Now everything works! By default data uses my network, but if the resource is at the other office, I am routed through my VPN. Where should I report this bug and should I report NM or pppd?

----------

## szatox

 *Quote:*   

>  You have some IP range you want to tunnel over VPN with the rest bypassing it?

 

 *Quote:*   

> sudo route add -net 10.0.0.0/22 ppp0

   :Rolling Eyes:  10.0.0.0/22

I'd report it to NM developers, it's clearly configuration issue. And if somehow it isn't, they should know their stuff well enough to notice it, while pppd should no even know or care what is managing it.

----------

## The_Great_Sephiroth

Yes, /22, as in, 255.255.252.0. This give the remote network (main office) 10.0.0.1-10.0.3.254 as a usable range. These are used for various things in-house. So no, that was not a typo. When you need more than 254 addresses, it is the only way to go!

Now, I will try to report this to the best of my ability. Should I report it to the Gentoo devs and let it go up though?

*EDIT*

Just for fun, here is a network break-down!

10.0.0.1-200 - Servers (Mostly virtualized ones)

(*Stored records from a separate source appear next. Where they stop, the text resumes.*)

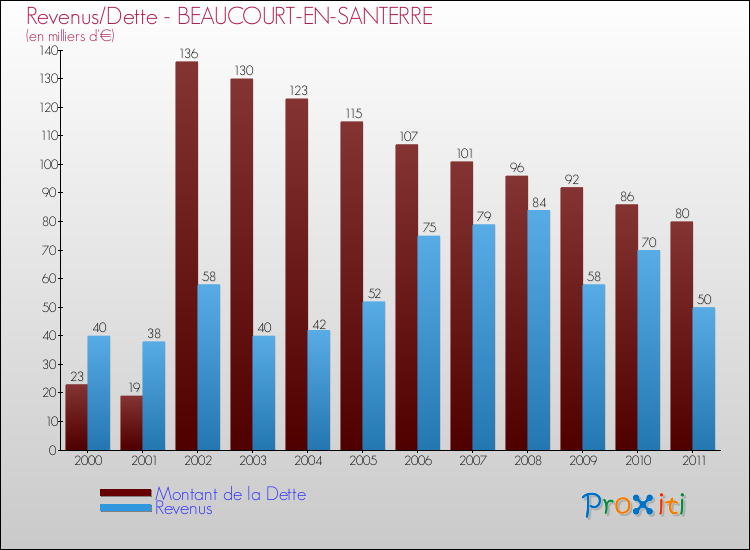 Evolution comparée de la dette et des revenus pour la commune de BEAUCOURT-EN-SANTERRE de 2000 à 2011 Comparaison de la dette et des revenus pour BEAUCOURT-EN-SANTERRE de 2000 à 2011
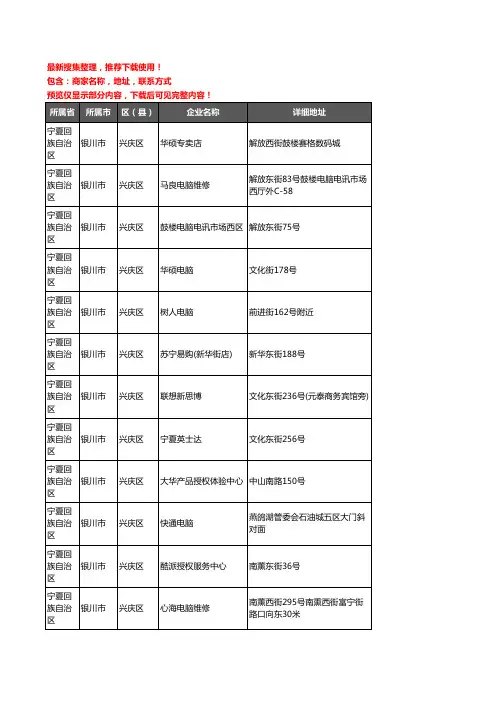 新版宁夏回族自治区银川市兴庆区电脑企业公司商家户名录单联系方式地址大全82家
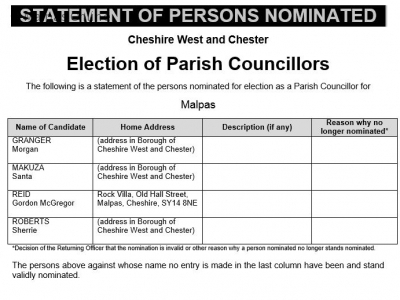 Election of Parish Councillors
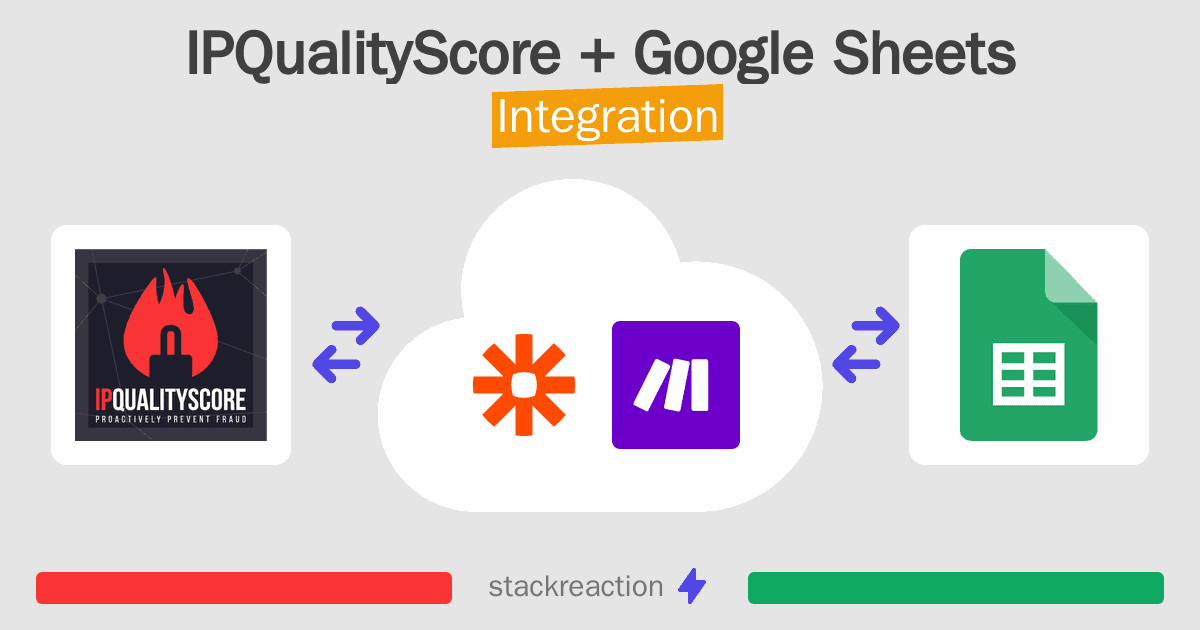 IPQualityScore and Google Sheets Integration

10.0.0.200-250 - Physical XenServer systems, normally with dual NICs

10.0.1.1-10.0.1.250 - Static workstations

10.0.2.1-200 - Dynamic devices such as laptops or mobile phones

10.0.2.201-250 - VPN IP addresses

10.0.3.1-100 - Static printing/scanning devices

10.0.3.101-200 - Static SIP/H323 phones

10.0.3.201-250 - Reserved

Remember, this is our MAIN office. Lots of goodies here we do not have at remote locations. Remote locations have VPN tunnels into the main office for access to servers and such.

----------

## The_Great_Sephiroth

Alright, this is NOT a bug. After reading, and doing some remembering, PPP is only aware of the device on the other end. When you check that box, you have to enter the route you want for the remote network. I did this under the "Routes" box for this particular network connection and all is good. Basically, you add a route for 10.0.0.0 with the netmask of 255.255.252.0 and set the metric to 22, and each time the connection comes up, it routes only packets destined for that network through the VPN. Everything else goes through my default gateway at my location.

To summarize:

Create the PPTP VPn connection and set everything up

Go to the IPv4 tab and change to Routes with the drop-down

Check "Use only for resources on this connection" to avoid changing your default gateway

Click the "Add" button and type in the network IP and the netmask of the remote network

Leave the "Gateway" at 0.0.0.0 and set the metric value to CIDR (in my case, 22)

Enjoy PPTP working correctly!

Hope this helps somebody else!

----------